Migrating back  to Korea has given me firsthand experience with going through the documentation process. Because, even though I was born here, I am treated legally as a foreigner.  Just like in the US.

When I first arrived in Korea, I only had a tourist visa. I had to wait about a month to get my work visa. Without the work visa (or another valid resident visa) I was unable to get most things done. Foreigners in Korea need an Alien Registration Card (ARC). You can’t get one without a visa. Without the ARC I couldn’t get a cell phone. I couldn’t open a bank account. Because I didn’t have a phone, I couldn’t get anything delivered because the apartment building I lived in at that time had no door buzzer/intercom system (delivery men telephone recipients to open the door). I broke the cheap chair my apartment came with, but I couldn’t buy a new one at the first two stores I went to because they only display chairs. Then they order them for delivery to your house. I could use my US-issued credit card or ATM card to get cash, but I couldn’t get a credit card that would work with the Korean websites (and then there was the delivery issue again.)
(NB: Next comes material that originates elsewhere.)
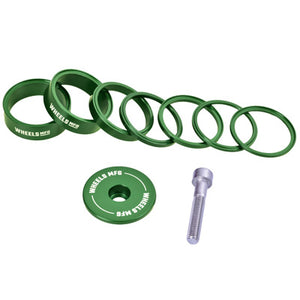 Wmfg H/Set Spcrs,Stckrght Ess Green,7 Spcrs,Top Cap Aluminum Headset Spacer Kit  Headsets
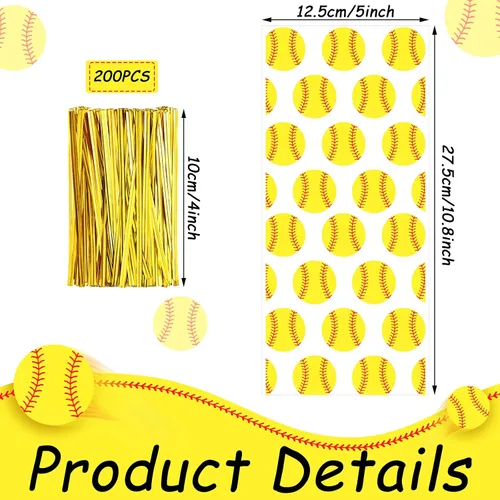 Miniatura 2 de Outus 100 bolsas de celofán de sóftbol, bolsas de regalo de sóftbol, bolsa de dulces con corbata para decoración de fiestas temáticas de deportes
Things are different in the US. There you can open bank accounts with a foreign passport and proof of address, like a bill. You can buy a phone and get an account without a bank account, credit card, or even ID. It’s not so difficult to spend money in the US.

All this and I should have an F4 visa which is for overseas Koreans. You have to prove that you gave up your Korean citizenship by showing an original naturalization certificate. When I left my adopter’s house back when I was 18, I didn’t take my certificate. I have a US Passport, which in my ignorable opinion, proves my US citizenship, but the government of the Republic of Korea doesn’t seem to agree with that logic.
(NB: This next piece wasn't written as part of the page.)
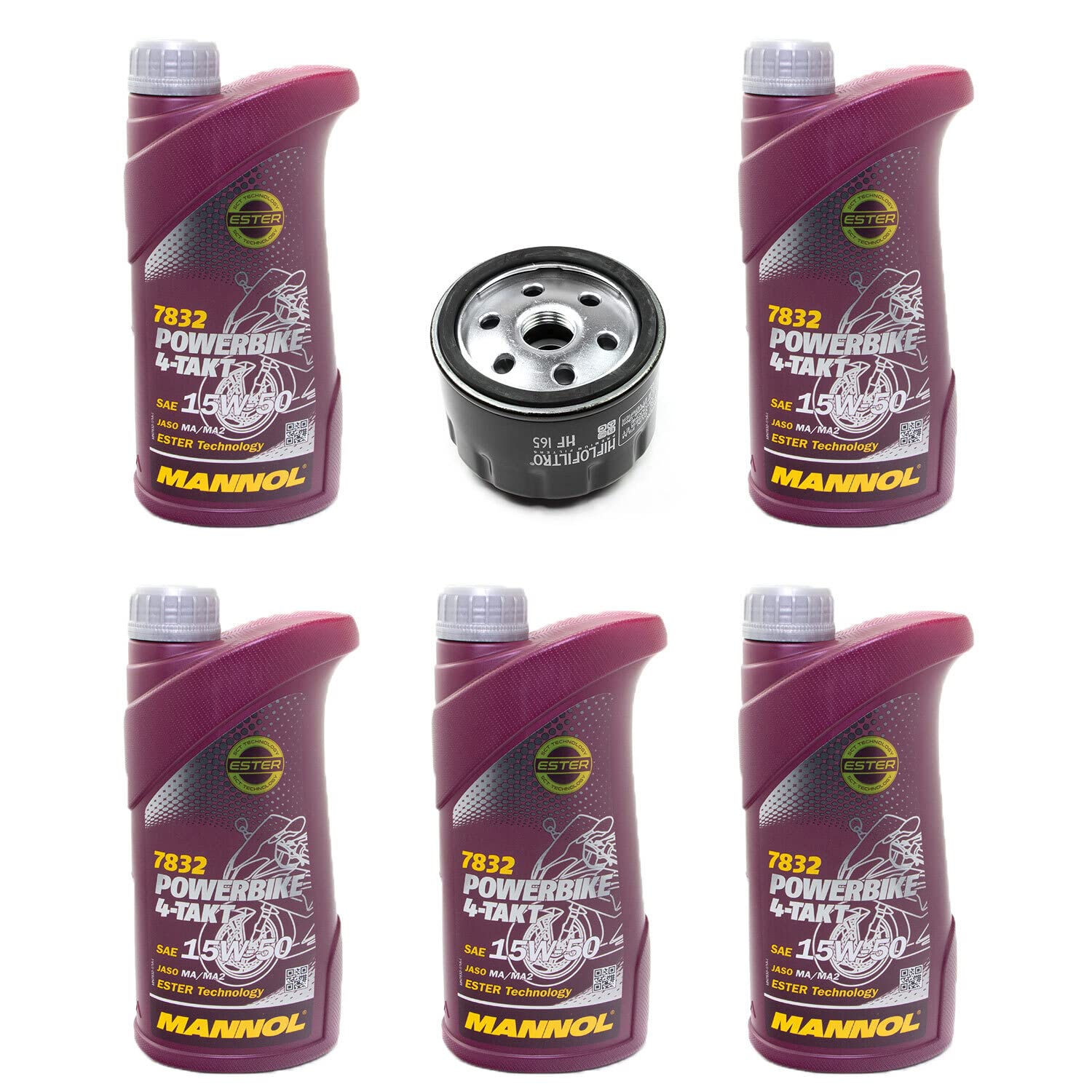 Motoröl Set 15W50 5 Liter + Ölfilter HF165 für BM W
Before I left the US (even before I got a job offer in ROK) I started the procedure to get a replacement certificate. I had no information about it. No certificate number, no date of issuance; I didn’t know which court swore me. I made an appointment at a USCIS service center in Suffolk County, NY. It would have been a 2-3 hour trip by subway, commuter train, and taxi, to ask what my “A” number was. That’s the file number that identifies you with USCIS, or their processor INS. I kept trying and got another appointment just 15 minutes away by subway. The agent there jotted it down on a notepad slip and handed my TWO A numbers to me. Plus the date that was on my naturalization certificate: 01/00/1980. Yes, that’s right January 00. Do you remember where you were on January 0, 1980?
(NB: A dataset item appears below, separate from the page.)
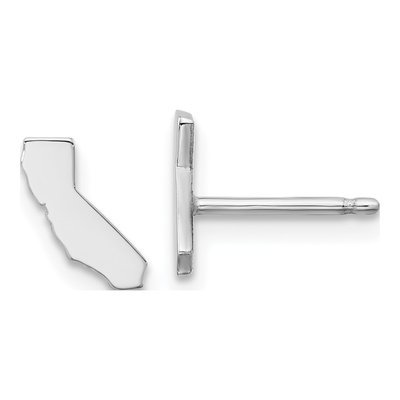 Sterling Silver California State Stud Earrings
I sent them the form and payment $345 and passport photos for the new certificate. They sent me a receipt for it and then I moved to Korea. I changed my address with them before I left. My friend who would be receiving the mail from them got a notice that I changed my address. Then I got a notice that they needed further documentation from me. I receive this notification via email. I didn’t know what kind of documentation they wanted. I waited. And waited. And called. And waited. They re-issued the letter and re-sent it. My friend received the letter, finally. They had sent the first letter to my address in New York after I received the change of address acknowledgement. Hrmph! They wanted proof that my name changed legally and they needed it 80 days after the first letter was issued. That gave me two weeks to get my marriage certificate, or an official copy, to them. Since I didn’t know how to get an official copy from Brooklyn to Korea to send to Texas, I just sent the original one to them via Korean express post and my Maine friend and USPS first class mail.

They acknowledged receipt and issued the decision that they will re-issue the certificate. I’m still waiting for the certificate. Hopefully in January 2014 I can apply for an F4 visa. To be continued…

PS People who were adopted away from the ROK can reclaim their citizenship, but that has advantages and disadvantages, particularly for adoptees. I probably will not be getting dual citizenship after getting an F4.